As is true of works by his friend Samuel
Beckett, also poorly received at first, Pinter's plays are
marked by spare dialogue, silences, and a sense of menace lurking
just beyond. And like Beckett, Pinter refuses to discuss
the meaning of his plays. When John Wood was directing the
initial production of "The Birthday Party," Pinter did
explain how he began to write the play: He saw the image
of a kitchen and characters in it, he said. "They sounded
in my ears. . . My task was not to damage their consistency."
"Meaning begins in the words, the actions, and continues
in your head and ends nowhere. There is no end to meaning,."
he wrote Wood on 30 March 1958. "Meaning which is resolved,
parceled, labeled and ready for export is dead, impertinent and
meaningless," Pinter observed. Asked by Wood to give the
actor of Stanley (the lodger whose birthday is celebrated) an
indication of who he was, Pinter refused: "Stanley cannot
perceive what he is -- he knows only to attempt to justify himself
by dream, by pretense, and by bluff, through fright."
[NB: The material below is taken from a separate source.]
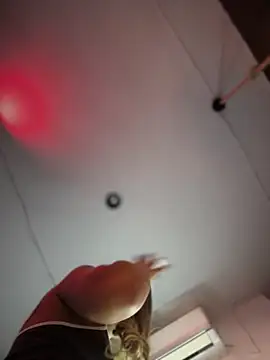 Valeria-escobar online show from 07/11/26, 11:35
The most recent revival of "The Birthday
Party" in London, with Prunella Scales as Meg and her husband
Timothy West as Goldberg, was the best production I have seen
of this oft-produced work. At a run-down seaside bed-and-breakfast
house owned by a couple, Meg and Petey, arrive two men, Goldberg
and McCann, respectively the brain and the brawn, who ask for
Stanley, the only boarder. Meg is planning a birthday party
for Stan, for whom she has a maternal (and probably sexual) fondness.
At the party, the lights go out, guest Lulu is seduced by Goldberg,
and Stanley is menaced. The following day a roughed-up and
inarticulate Stanley is hustled away by the two men. As Meg, Ms.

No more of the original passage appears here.